Antes de seguir, devo assinalar que Bucci é meu amigo, o que me torna automaticamente meio suspeito para comentar seu livro. O leitor que aplique os descontos que julgar necessários.
PERSPECTIVAS – Tudo no livro é muito didático e bem argumentado. Faço, contudo, ressalvas a algumas das conclusões do autor, e isso tem a ver com uma diferença de perspectivas.
Bucci é mais marxista do que eu e isso faz com que ele veja as relações de mercado como um jogo de soma zero, no qual o lucro de um é o prejuízo do outro.
Minha matemática é diferente.

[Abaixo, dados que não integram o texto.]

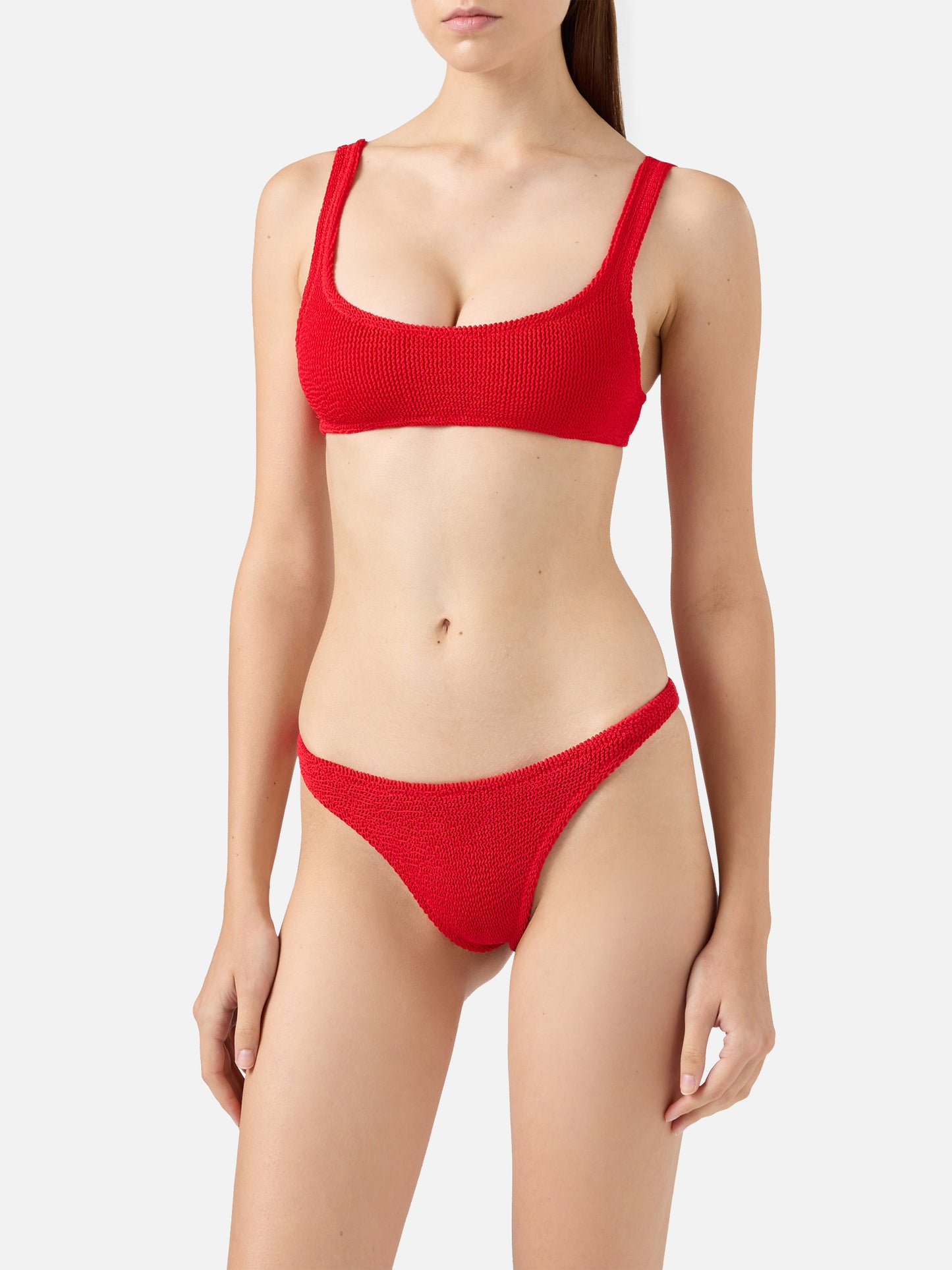 Naomi slip mare cheeky in crinkle color rosso - Naima crinkle classico top a bralette rosso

Acho que ocorrem também muitas interações de soma positiva nas quais as duas partes ganham com a transação.
PLANTAR E COMER – Um exemplo? Circula na internet um vídeo genial em que Andy George faz um sanduíche de frango “ab ovo”, isto é, produzindo ele próprio os ingredientes. Resumindo, entre plantar o trigo para fazer o pão e viajar ao litoral para extrair sal da água do mar, ele leva seis meses e gasta US$ 1.500 (R$ 7.384). São os mecanismos de mercado que fazem com que os ganhos da especialização do trabalho sejam distribuídos pela sociedade.
Não é o suficiente para tornar o capitalismo uma força benigna, mas é o que basta para compor um quadro complexo, com bônus e ônus. Concordo com a maior parte das conclusões de Bucci, que pinta as big techs como entidades autoritárias que promovem ativamente a ignorância para lucrar. Precisamos regular melhor a gestão das incertezas. Como fazê-lo, porém, permanece para mim algo bastante incerto.